Mike,
Thanks for your help yet again. This looks like a useful function. At first I couldn't really work out how to use it but I think I have it now.
So in your previous example, you are taking each row as an array, $row, using array_map to stripslashes and add htmlspecialchars, and then passing the 'cleaned' array back into $row itself?

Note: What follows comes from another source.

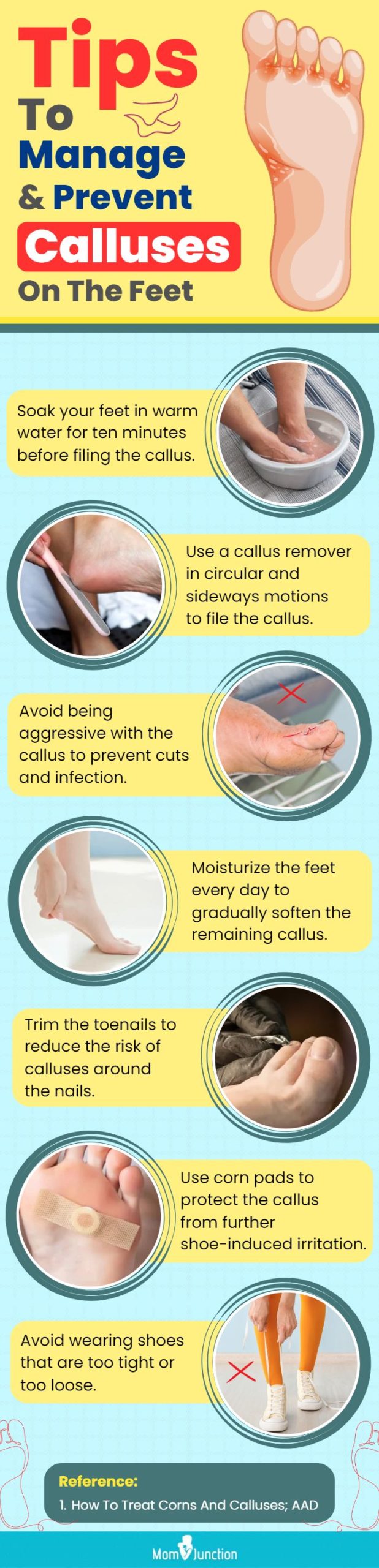 Tips To Manage And Prevent Calluses On The Feet (infographic)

It took me a while to work out how to change this code:
PHP Code:
if (isset($_POST['doUpdate']))
{
$sfid = $_POST['sfid'];
$ct = htmlspecialchars($_POST['City']);
$st = htmlspecialchars($_POST['State']);
$phone = htmlspecialchars($_POST['Phone']);
$fax = htmlspecialchars($_POST['Fax']);
$name = htmlspecialchars($_POST['AccountName']); // added 'specialchars' to remove &
$fieldsToUpdate = array('Id' => $sfid,
'Name'=>$name,
'BillingCity'=>$ct,
'BillingState'=>$st,
'Phone'=>$phone,
'Fax'=>$fax); // create array from posted variables
$sObject = new SObject(); // declare new sObject
$sObject->fields = $fieldsToUpdate; // set fields of new sObject
$sObject->type = 'Account'; // set type to account
$acct = $mySforceConnection->update(array ($sObject)); // update sObject
header('Location: welcome.php'); // redirect to welcome.php
}
into something that used array_map on the last 5 values but not on the id.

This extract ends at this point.